Pregnancy, Babies and Breastfeeding Fantasies

This posts feels like a risk to publish but….

It is 3:20am and I cannot sleep because I am obsessing about pregnancy and babies. This has been going on for a couple of days now and I am unsure what it is about. My thoughts have been taken over by fantasies about being pregnant, giving birth, being a new mother, breastfeeding, and variations on the theme. 

This obsession has infiltrated into my dreams as well. I have been having nightmares about being a new mother desperate but unable to connect with my infant in some way. Last night I woke up 5 times from the same dream in which I was unable to get my dream baby to suckle despite my best efforts. Every time I fell back to sleep I failed her yet again. We just could not attune in the way I was desperate to.

There are a million reasons why it is not an option right now for me to have a baby and it is not something I am considering even slightly. But for some reason I am experiencing a fair amount of pain in relation to these fantasies. I have been watching related videos, reading forums and thinking about newborn babies non-stop. I feel empty and like something mighty is missing inside of me. The desire to have a baby I can hold and feed and soothe, someone who is mine and who is my entire world, is overwhelming.

This new feeling inside of me is screaming and it’s scary. I have always known I want to be a mother (way in the future!), but I have never been so consumed by these urges as I am right now. The thought of carrying a living being inside of me, or being able to breastfeed a newborn baby, fills me with a craving I cannot describe. 

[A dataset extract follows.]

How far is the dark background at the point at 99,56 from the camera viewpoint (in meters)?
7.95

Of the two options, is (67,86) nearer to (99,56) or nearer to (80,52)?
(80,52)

I am remembering when I was a child and I used to pretend to breastfeed my teddies; soothe them and tell them it was all going to be okay. It’s almost as though I am entering that fantasy world again.

The desire to have that sort of connection is taking me over entirely. Perhaps it is something about yearning for that level of intimacy and unconditional love with another being. Or maybe there’s genuinely just something wrong with my hormones! I’ve never quite felt like this before and it’s confusingly shameful and scary. 

And it’s not just emotional and mental but a real visceral experience as well, especially the dreams. I’m scared to go to sleep. I wonder what it all means.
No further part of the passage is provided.